◆ Assignment: Print this span of the material below exactly: the line with "Vierer-Set Mini Cocotte", the line with "Cool Vintage 80s", and every line between them, but nothing else.

◆ Data for analysis:
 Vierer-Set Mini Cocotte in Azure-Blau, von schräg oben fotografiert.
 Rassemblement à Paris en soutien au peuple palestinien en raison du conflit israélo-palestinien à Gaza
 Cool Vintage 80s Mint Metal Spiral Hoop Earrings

---

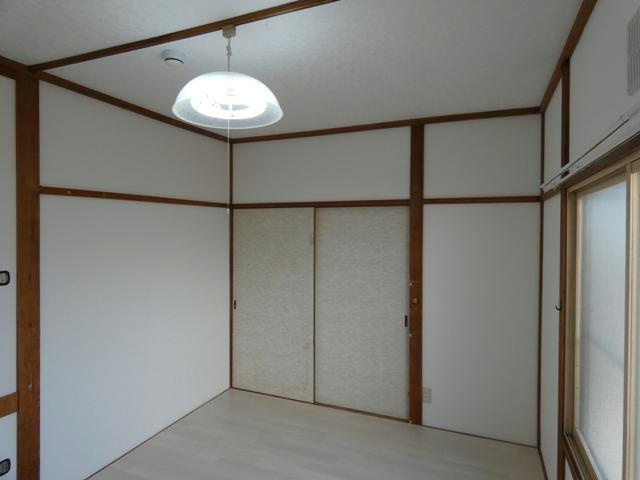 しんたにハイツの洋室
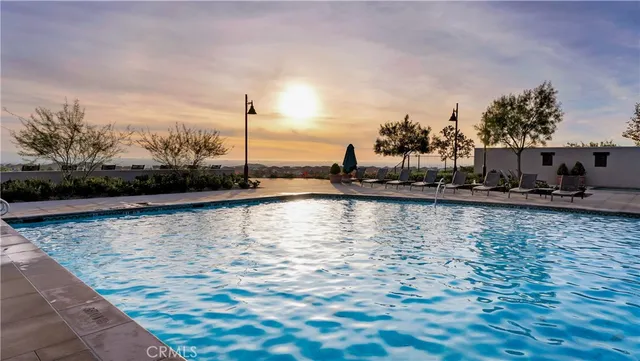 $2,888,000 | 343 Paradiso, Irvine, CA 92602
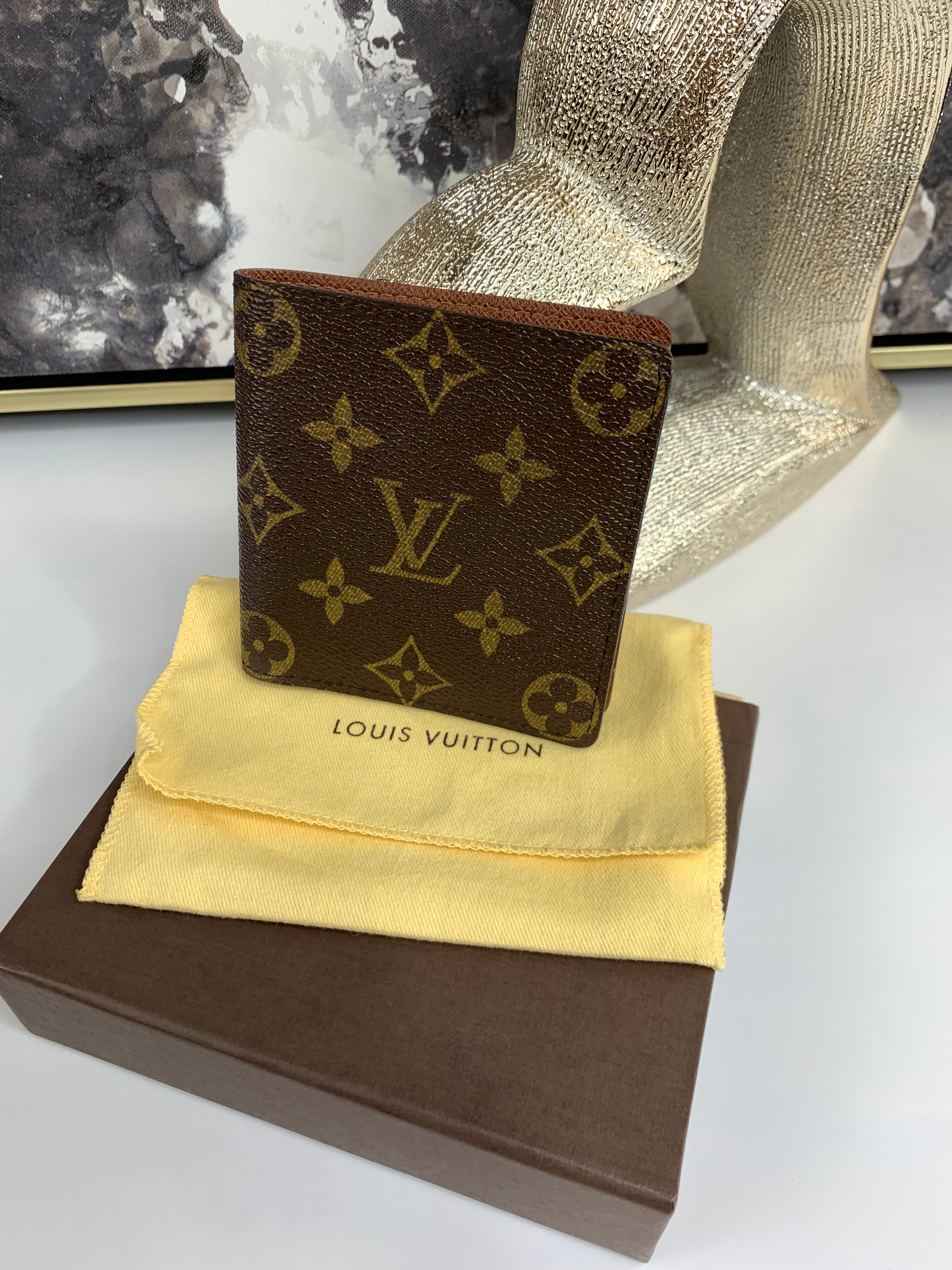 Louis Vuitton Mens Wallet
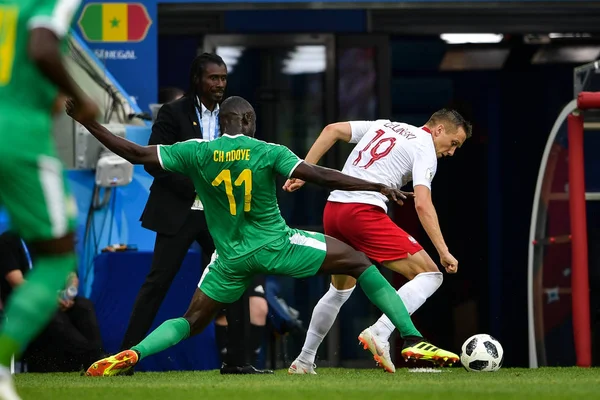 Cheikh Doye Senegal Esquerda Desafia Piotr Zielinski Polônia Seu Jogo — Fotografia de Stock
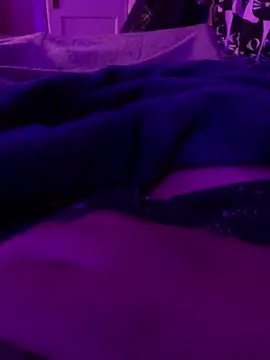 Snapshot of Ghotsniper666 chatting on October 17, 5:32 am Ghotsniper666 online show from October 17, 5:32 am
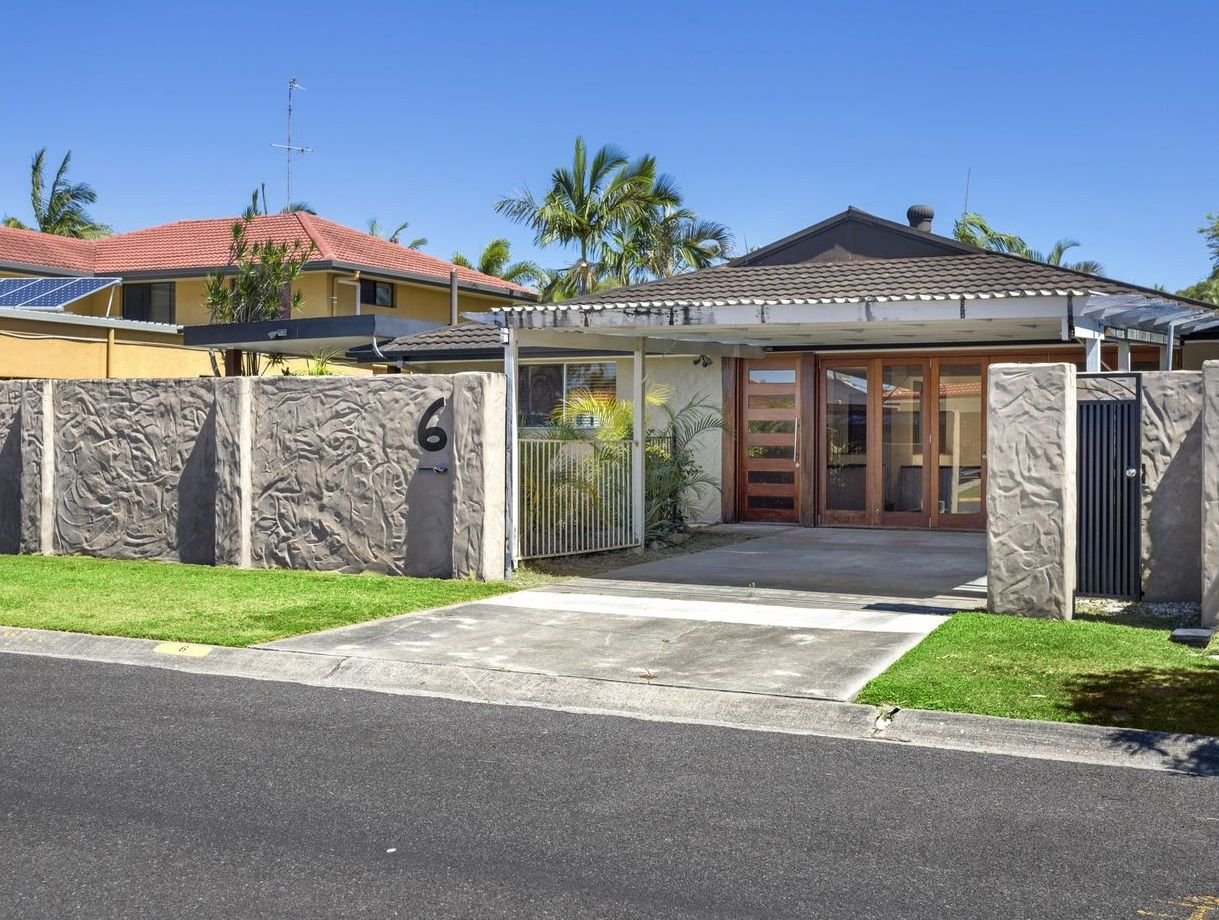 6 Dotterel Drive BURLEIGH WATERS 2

◆ Solution to this exercise:
 Vierer-Set Mini Cocotte in Azure-Blau, von schräg oben fotografiert.
 Rassemblement à Paris en soutien au peuple palestinien en raison du conflit israélo-palestinien à Gaza
 Cool Vintage 80s Mint Metal Spiral Hoop Earrings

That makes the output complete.